── SOURCE MATERIAL ──

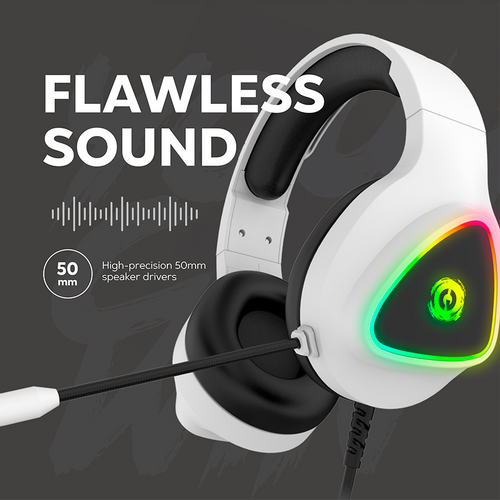 CANYON Shadder GH-6, RGB gaming headset with Microphone, Microphone frequency response: 20HZ~20KHZ, ABS+ PU leather, USB*1*3.5MM jack plug, 2.0M PVC cable, weight: 300g, White slika 11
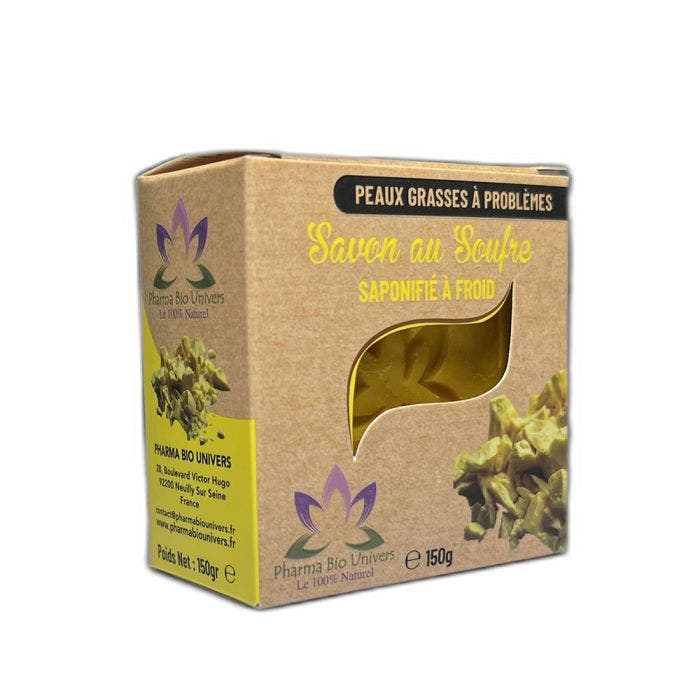 Savon au soufre 150gPeaux grasses à problèmes Pharma Bio Univers Easypara
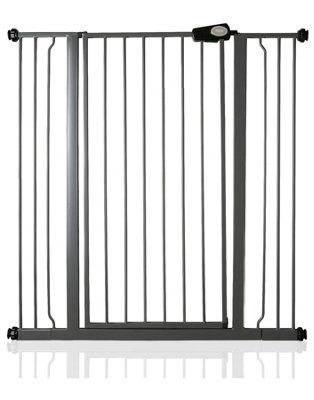 Bettacare Child and Pet Gate, 100.8cm 108.4cm, Slate Grey, Extra Tall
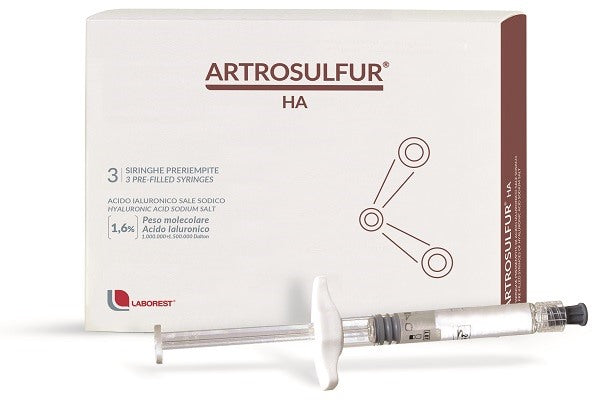uriach italy siringa intra articolare artrosulfur ha acido ialuronico 16 2 ml 3 pezzi artrosulfur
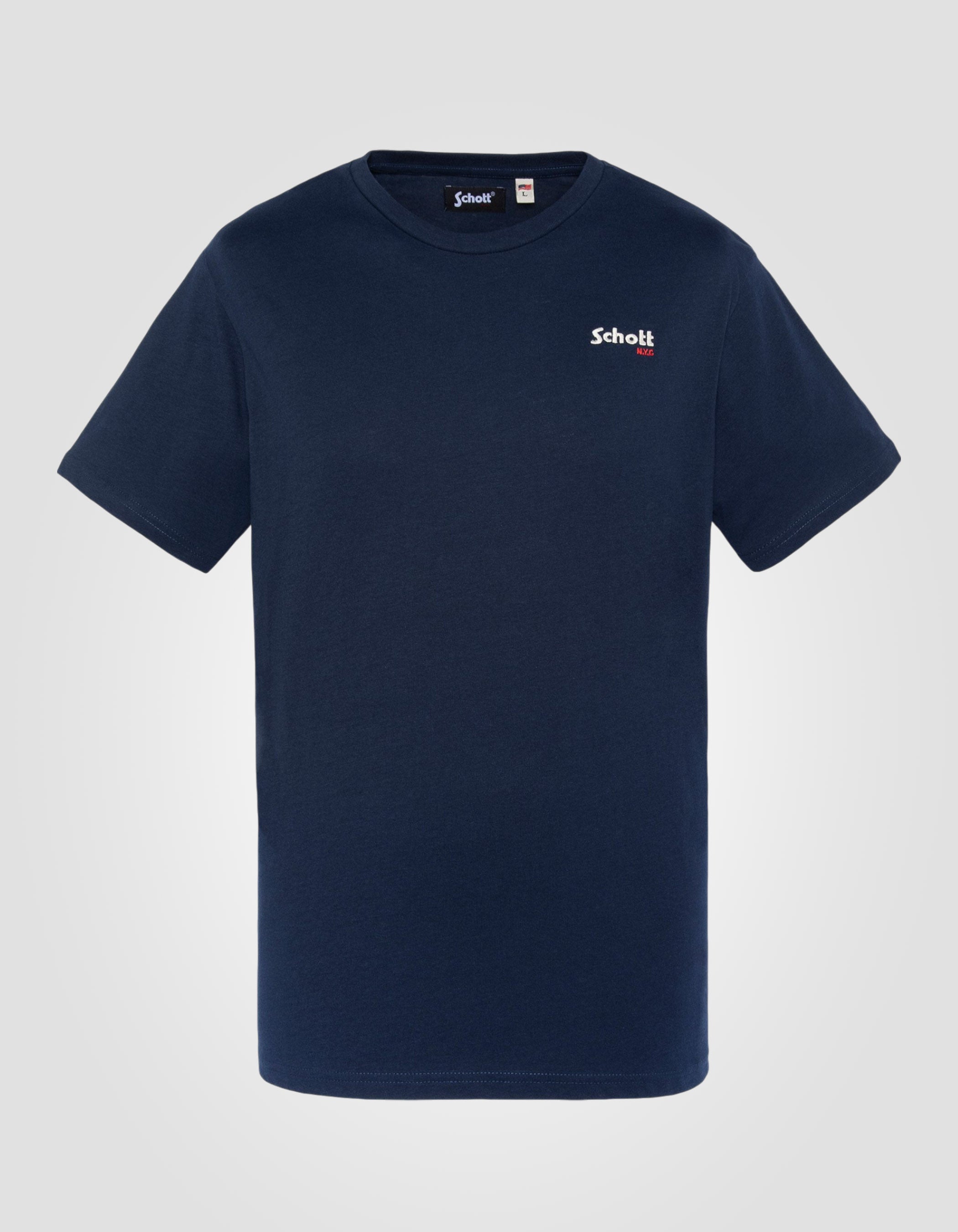 Schott NYC® embroidered T-shirt-1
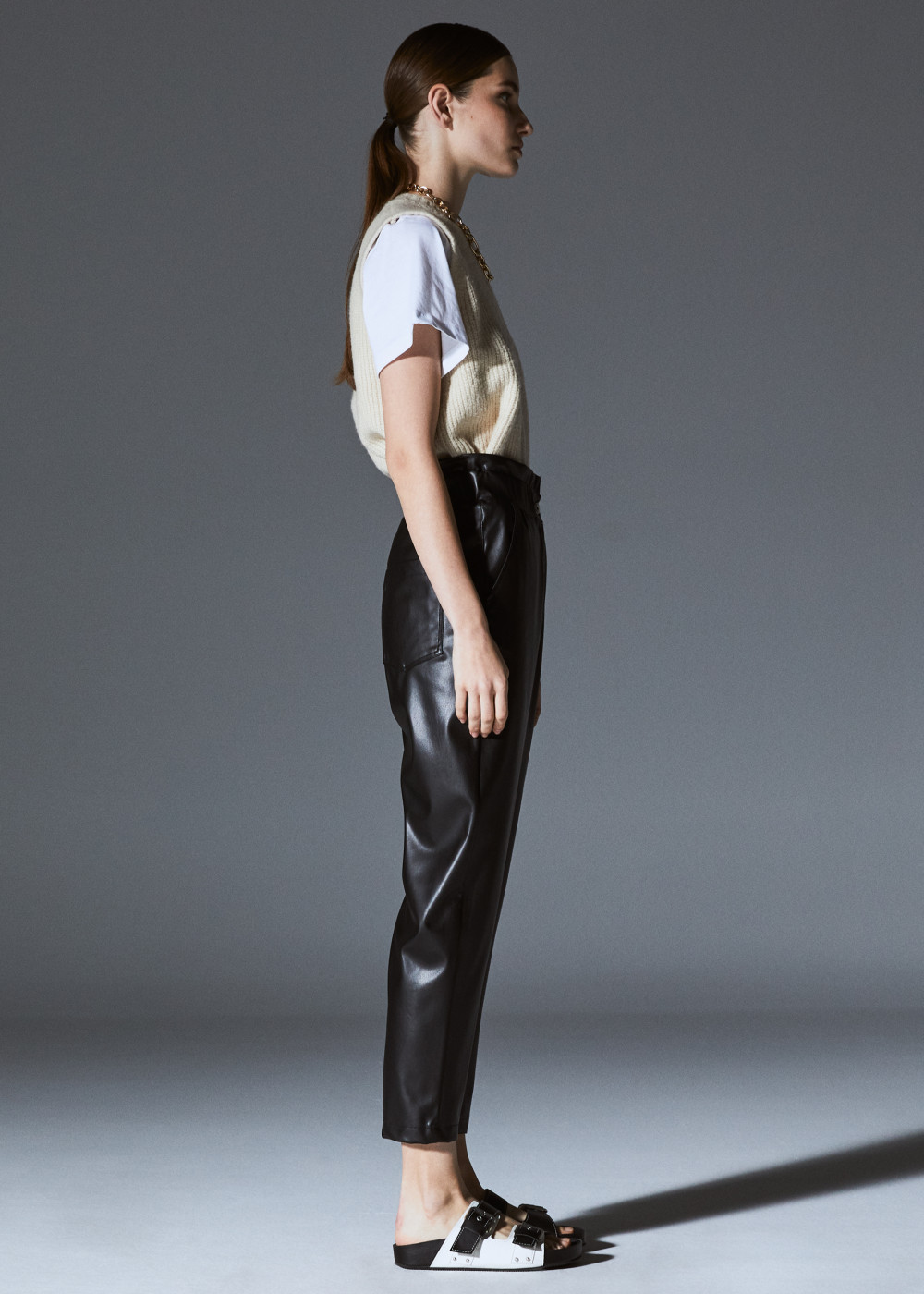 Leather Baggy Pants Leather Baggy Pants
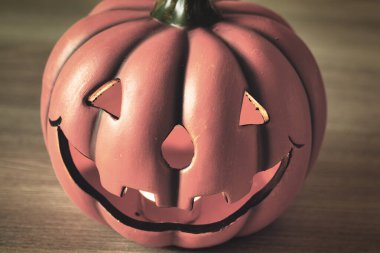 izole Halloween balkabağı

───

* _TASK STATEMENT_
Exact lines, nothing more: output the one with "Leather Baggy Pants Leather Baggy Pants" and every later line through the end of the data, skipping pictures.

* _ANSWER TO THIS TASK_
 Leather Baggy Pants Leather Baggy Pants
 izole Halloween balkabağı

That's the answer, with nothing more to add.